J’attendais, vainement visiblement, que Jenna me réponde. J’avais l’impression qu’on perdait du temps. Qu’en fait, elle faisait le jeu de son ancien professeur. J’eus un claquement de langue réprobateur avant de lâcher, en italien, un froid : « Oh merda… »Je me débrouillerai toute seule, et puis voilà. Je me détournai d’elle pour partir à la poursuite du renégat en sortant ma baguette. Avant de partir, néanmoins, je lui lançai un : « Si tu changes d’avis et que tu veux le poursuivre, tu sais vers où me chercher. Si t’es de son côté, tu peux passer ton chemin. » Voilà qui était dit, voilà qui était clair. Je sortis mon plan du Londres sorcier pour me repérer et essayer de trouver un autre moyen de le rattraper, sans pour autant éveiller ses soupçons. Mmmh… Pas Par ici, ni par là… Je trouvai, finalement, la solution miracle en voyant deux gamins se battre pour un balai. Mais oui ! Un large sourire sur les lèvres, je me dirigeai vers eux. « Cinq gallions chacun si vous me prêtez votre nimbus » Ils me prirent, sans doute, pour une folle, mais ils me prêtèrent leur balai. Je leur fis signe de m’attendre là et sortis l’argent de ma pochette avant de décoller.

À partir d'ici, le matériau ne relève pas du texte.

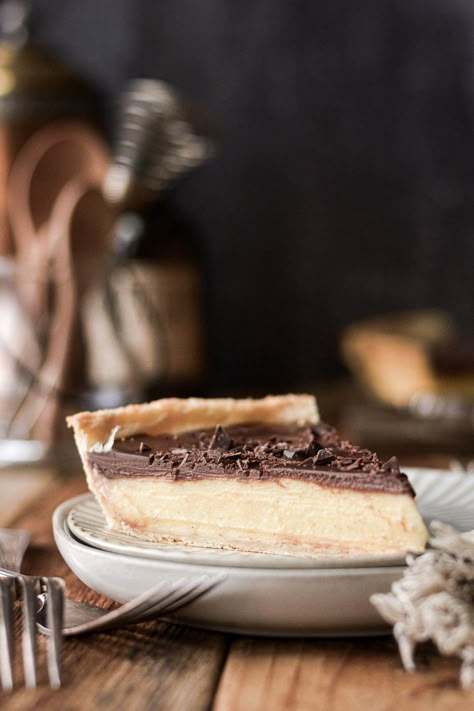 Chocolate Eclair Pie, Eclair Pie, Cottage Cooking, Vanilla Bean Custard, High Altitude Baking, Cream Custard, Dessert Pie, Perfect Pie Crust, Dark Chocolate Ganache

Il allait sans dire que, quitte à voler, je préférais mille fois être sur un abraxan. Mais on faisait avec ce qu’on avait et, clairement, je n’avais là qu’un balai. Et, de toute façon, je me voyais très mal avec un cheval ailé dans les ruelles de Londres. Pourtant, j'eus beau chercher, j'eus beau survoler, les ruelles, je ne retrouvai pas la trace du professeur de potions. Par la barbe de Merlin... J'avais raté ma première mission et en un temps record, encore! Je revins à mon point de départ et rendis le balai aux deux mômes. Ca ne servait à rien que je continue de chercher maintenant. Plus tard, peut-être, mais pour aujourd'hui, c'était fichu... Autant essayer de profiter de Londres quelques jours avant de rentrer bredouille.